La storia di Gelsomina Verde, tra immagini di repertorio e teatro, interviste e didascalie
Gelsomina Verde è un film complesso, sul piano della forma quanto del contenuto. Il regista Massimiliano Pacifico scegli la via dell’ibrido, un mix tra documentario e finzione. La storia centrale è quella della compagnia teatrale diretta da Davide Iodice, che prepara lo spettacolo su Gelsomina. Gli attori improvvisano le loro battute in quelle che sono riprese uniche. A loro si alternano immagini di repertorio, didascalie su sfondo nero e il racconto di Francesco Verde. Tutti questi elementi si fondono in un racconto che vuole andare oltre, e parlare della situazione di Napoli, delle Vele e di Scampia. Di come non esista bianco o nero, ma sfumature infinite di grigio, e di come la “verità” sia un concetto effimero: la verità di chi?

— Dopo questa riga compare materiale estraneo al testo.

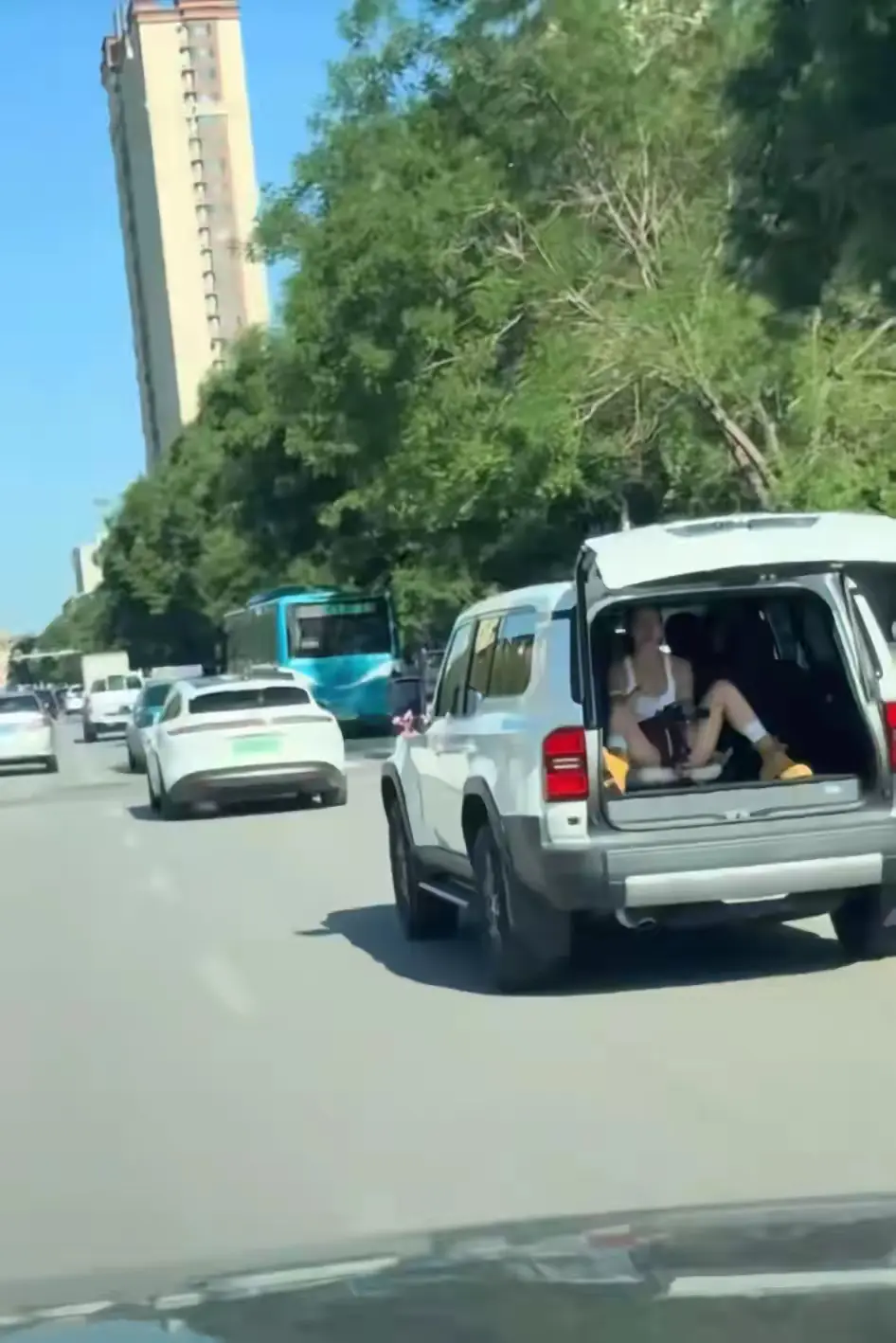 开封的街头，究竟有多热？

Il film, tentando una strada difficile si perde nei suoi vari contenuti. Il montaggio non li tiene in piedi in modo fluido, andando così a influire sulla sua totalità. Per fortuna la recitazione riesce ad ovviare il problema, arrivando al cuore del discorso. Le parole, il peso di quelle parole, è un pugno nello stomaco. La ricostruzione teatrale sullo schermo sembra essere uno scheletro, da cui poi la nostra mente ricrea la cruda vicenda. Maddalena Stornaiuolo, che interpreta Gelsomina, è il volto che apre e chiude il film con un monologo profondo e d’impatto. La camera sporca e fissa ne accentuano la portata.

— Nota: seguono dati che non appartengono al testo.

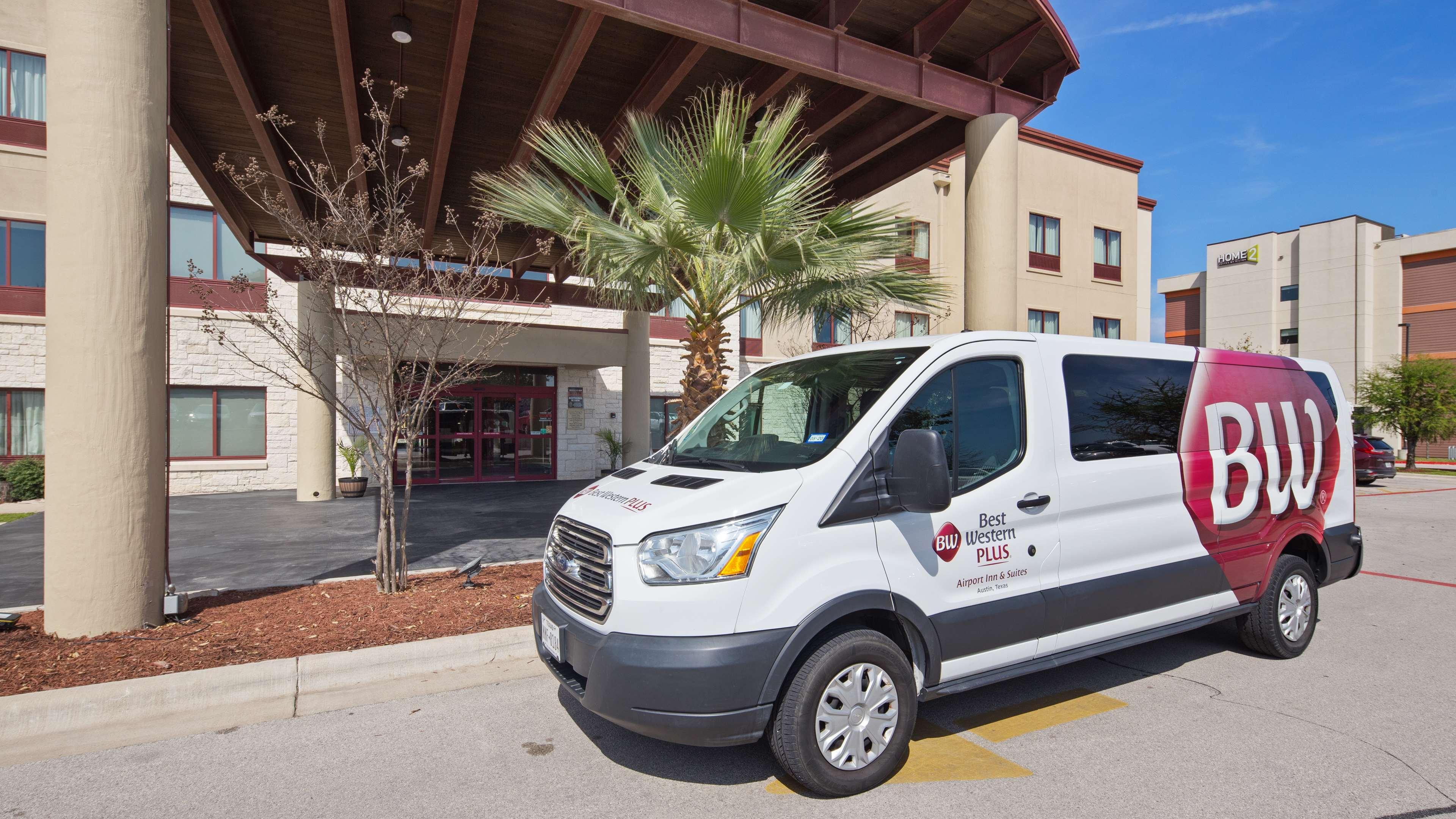 Best Western Plus Austin Airport Inn & Suites Exterior photo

Un film scomodo e imperfetto a cui va il merito della denuncia
Come dicevamo, Gelsomina Verde è un film imperfetto, come uno disco rigato che salta le note. Eppure, non è questo che conta, ma il coraggio, la forza di portare sullo schermo questa storia. Un film per non dimenticare. Un film che dà voce a coloro a cui è stata tolta. Un film che spazzi via il velo della negligenza. È questa la portata di Gelsomina Verde, e non le sue singole parti. “La verità è che è colpevole l’ignoranza, il silenzio, il dolore. È colpevole chi si ricorda, ed anche chi fa finta di niente. È colpevole chi strilla. È colpevole chi resta ed anche chi se ne va”. Queste le parole di Francesco Verde, pronunciate con dolore e rabbia; il momento più forte del film.
Fin dalle sue prime battute, Gelsomina Verde delinea il suo status di film politico. Il tutto ha inizio con uno sfondo nero, mentre i titoli di testa bianchi si presentano silenziosi per due minuti. Il dramma non ha bisogno di musica ad enfatizzarne la portata, ed è tal proposito che anche le immagini di repertorio rimangono silenti. Un’Antigone rovesciata, dice Davide Iodice, ma anche ciò che più di goni altra parola definisce il film: “un progetto scomodo”. La memoria martoriata di una ragazza di soli ventidue anni e della sua famiglia. A Gelsomina Verde va il merito di raccontare una storia scomoda, al di là di qualsiasi imperfezione.